Cercasi Susan (Sontag) e senso disperatamente
Fabrizio Melodia – noto Astrofilosofo – nella puntata 179 di «Ci manca(va) un Venerdì» si aggira fra due mondi dove c’è chi vive molte vite pur avendone una sola
«L’incubo è che esistono due mondi. L’incubo è che esiste un solo mondo, questo»: così la scrittrice Susan Sontag nel libro “La coscienza imbrigliata al corpo”, raccolta dei suoi diari e taccuini – che coprono un arco temporale dal 1964 al 1980 – pubblicati dai tipi della Nottetempo.

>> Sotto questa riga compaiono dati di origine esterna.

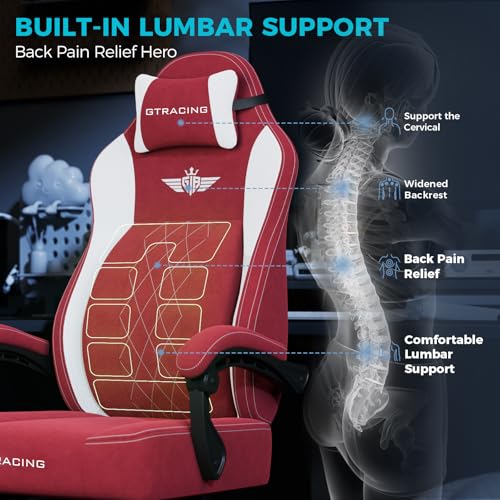 GTPLAYER Big and Tall Gaming Chair Breathable Fabric Computer Chair with Strong Lumbar Support, Comfortable Office Chairs with Pocket Spring Cushion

Quali mondi e quali incubi? Quanti di noi sembrano vivere due vite pur avendone solo una? E quanti si perdono in mille sentieri per poi tornare al punto di partenza? E’ davvero in grado la mente di districarsi in mezzo a questi sentieri vaporosi, che possono diventare incubi ad occhi aperti? oppure sono gli incubi l’essenza del sentiero stesso? Siamo prigionieri dei nostri “brutti sogni” o gli incubi sono la linfa vitale di cui la vita non può fare a meno?
Cosa intendiamo per incubo? E cosa rappresenta per noi la prigione di un mondo?
Forse potrebbe darci un suggerimento valido il buon Nietzsche: «Il mondo mi sembrò l’opera di un dio sofferente e torturato […] Il creatore non voleva guardare se stesso – e allora creò il mondo». Un po’ come facciamo noi quando la nostra mente deve elaborare un evento traumatico: rimuove oppure lo espelle da sè trasformando la sofferenza in un’opera d’arte, qualcosa di unico costruito sull’essenza stessa del dolore e dello slancio vitale.
E’ altro da sè, ma alla fine siamo sempre dentro a questo.
In questo caso forse entra in gioco qualcosa di più forte, magari quella paura che il mondo sia finito, ovvero chiuso con un inizio e una fine. Niente spaventa di più dell’idea stessa della morte, del decadimento, della sofferenza, pur avendo dentro noi stessi una particella all’apparenza immutabile ed eterna, che vorremmo sopravvivesse a noi.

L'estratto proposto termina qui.